If you have not taken the time to write a living will yet, there is no time like the present. It’s important for people of all ages to realize that life can be unpredictable, and if the unexpected were to happen your wishes need to be made known.
What is a Living Will?
The definition of a living will is “a written statement detailing a person’s desires regarding their medical treatment in circumstances in which they are no longer able to express informed consent.” It is not the same document as a traditional will, which designates property to loved ones and names an executor to your estate.
A living will spells out your living wishes by describing your preferences regarding end-of-life care. These legal documents speak for you should you become incapacitated and cannot express your wishes yourself. Any wishes you have for medical care should go into your living will. A living will can communicate what life-sustaining measures you want taken, such as:
- Respiration/ventilation: A machine taking over your breathing when you’re no longer able to do so on your own.
- Resuscitation: Restarting the heart after cardiac death.
- Tube-feeding: Intravenous nutrients and fluid delivered via a tube through the stomach.
- Palliative care: If life-prolonging treatments are not desired, palliative care can be given to reduce pain.
A living will is also known as an “advance directive.” An advance directive is signed by a competent person to provide guidance for healthcare decisions in the event the person becomes incompetent to make such decisions.
Besides living wills, other advance directives include:
- Healthcare Power of Attorney (POA): This document legally designates a person, referred to as a healthcare agent or proxy, to make medical decisions for you in the event that you become incapacitated.
- Do Not Resuscitate Order (DNR): This is a request to not be given CPR if you stop breathing.
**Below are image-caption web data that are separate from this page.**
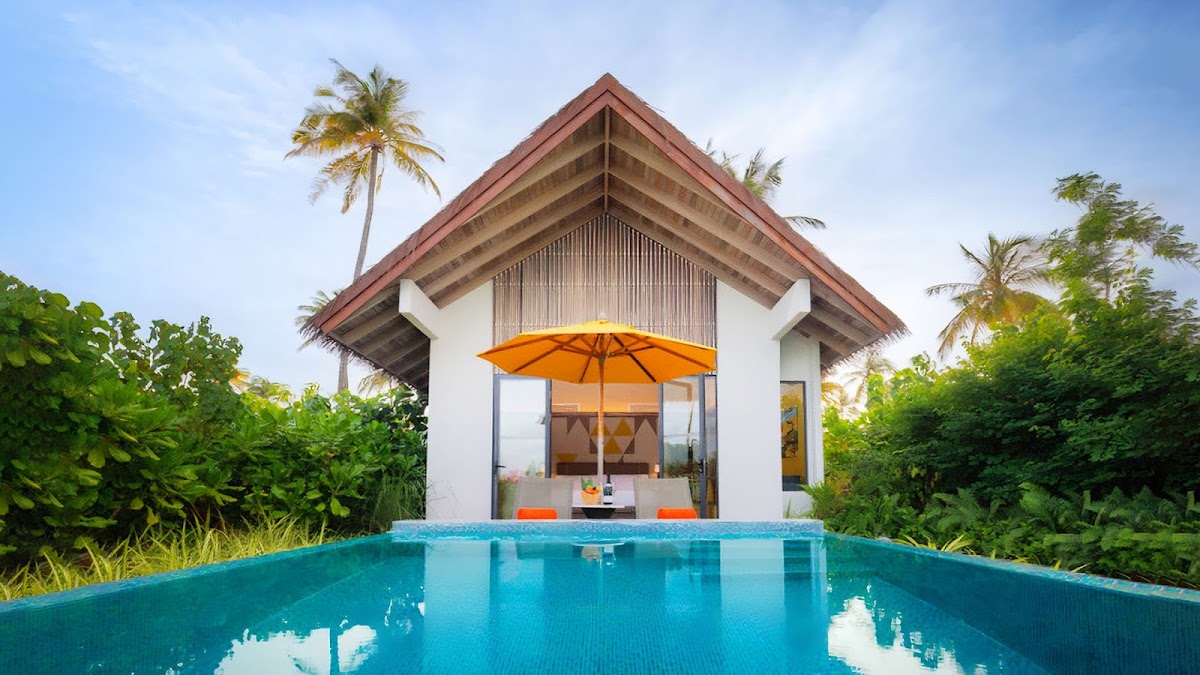 Hard Rock Hotel Maldives guide image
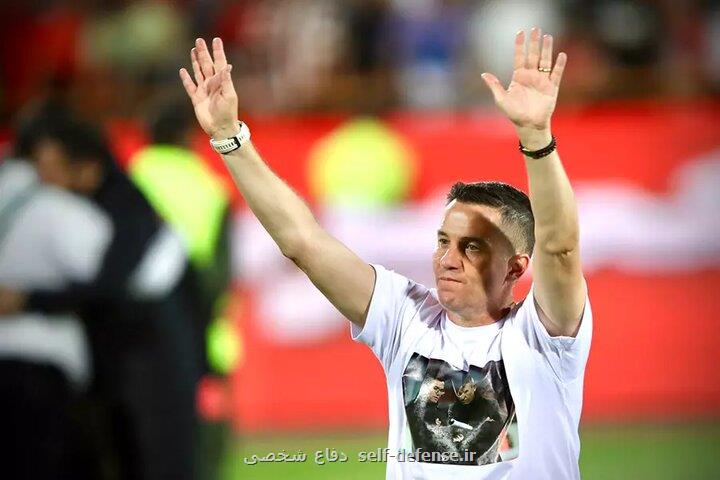 گزینه خارجی پیشنهاد پرسپولیس را رد کرد در انتظار پاسخ دومین سرمربی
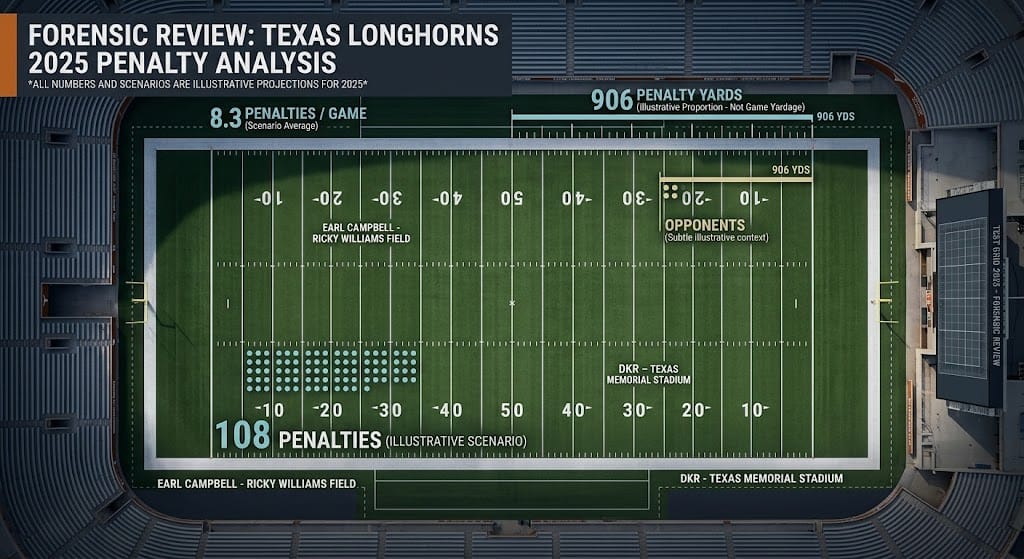 The Numbers Show Why Texas Could Not Ignore It
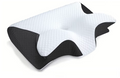 Almohada Mariposa Ergonómica - Soporte Cervical de Espuma Viscoelástica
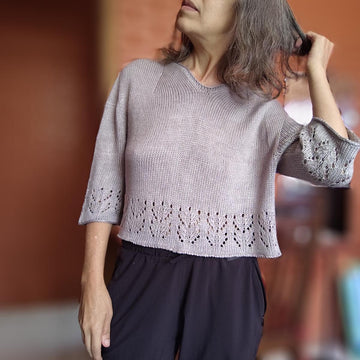 Sugar Cane blouse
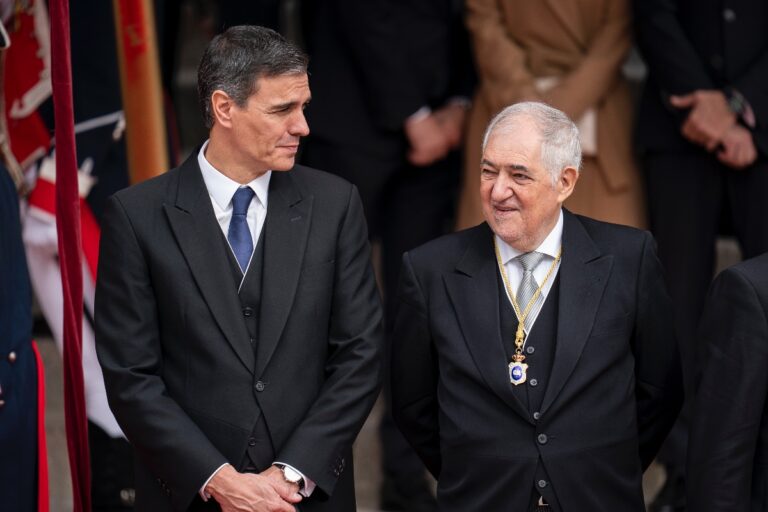 El TC admite el recurso del Gobierno de Sánchez y suspende la derogación de la ley de memoria histórica en Baleares
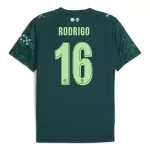 Maglia Manchester City Rodrigo 16 Uomo 4th EA Sport 2025-26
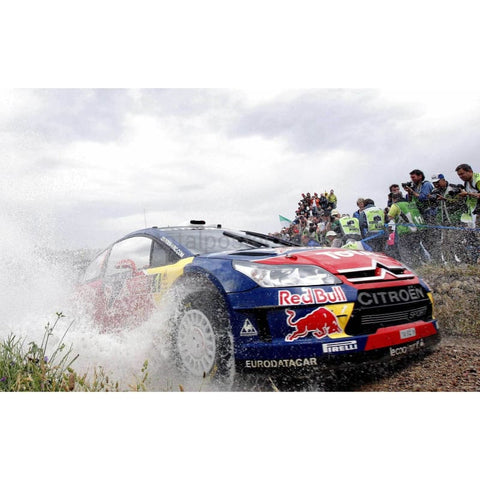 Sebastián Loeb | Carteles del Rally Mundial | TotalPoster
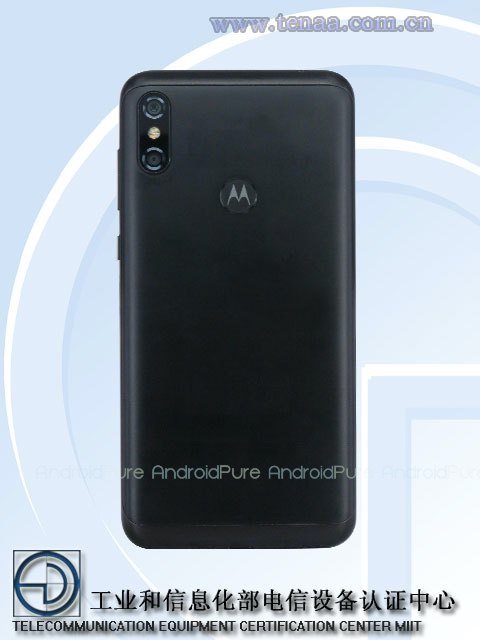 Moto One a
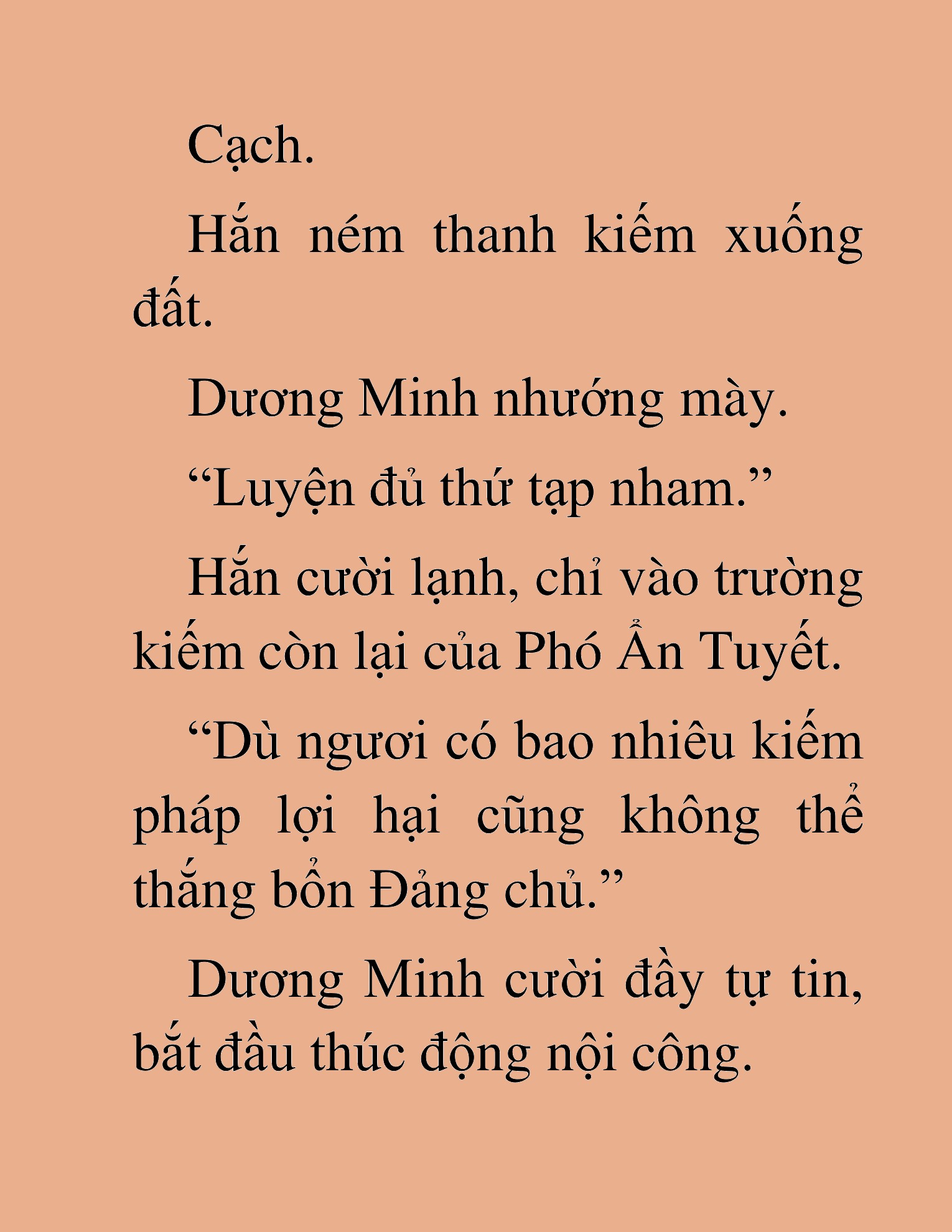 Đọc truyện HAT[NOVEL] Thần Ma Đại Đế - Chap 150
Your living will does not have to have the DNR order, but your doctor can include it in your medical chart.
- Physician’s Orders for Scope of Treatment (POST): It differs from a Do Not Resuscitate order in one important way – it is more comprehensive, covering a broader range of health care decisions.
Indiana last year implemented the POST. This becomes a doctor’s order, allowing the patient to determine what care is or is not provided at the end of life. The form is considered valid whether or not the patient is ill at home, in a nursing facility or a hospital.
The POST also helps medical providers understand the patient’s wishes at a glance. If you have a completed POST, you do not need a separate DNR form because it is included on the POST. The POST stays with the patient at home in a place where it can be located or in the chart in a hospital or nursing facility. It is usually printed on brightly colored paper so it will easily stand out in medical records. You can change it or cancel it at any time.
The biggest advantages to creating a living will are that you know your wishes will be communicated and that the decision is up to you, not the medical professionals in charge. The stress will be minimized for family members who may have differing opinions about your care. It may also potentially reduce their financial responsibility.
You do not need an attorney to write a living will, but an attorney will provide a free form for you. You can also find the forms at senior centers, hospitals or your physician’s office.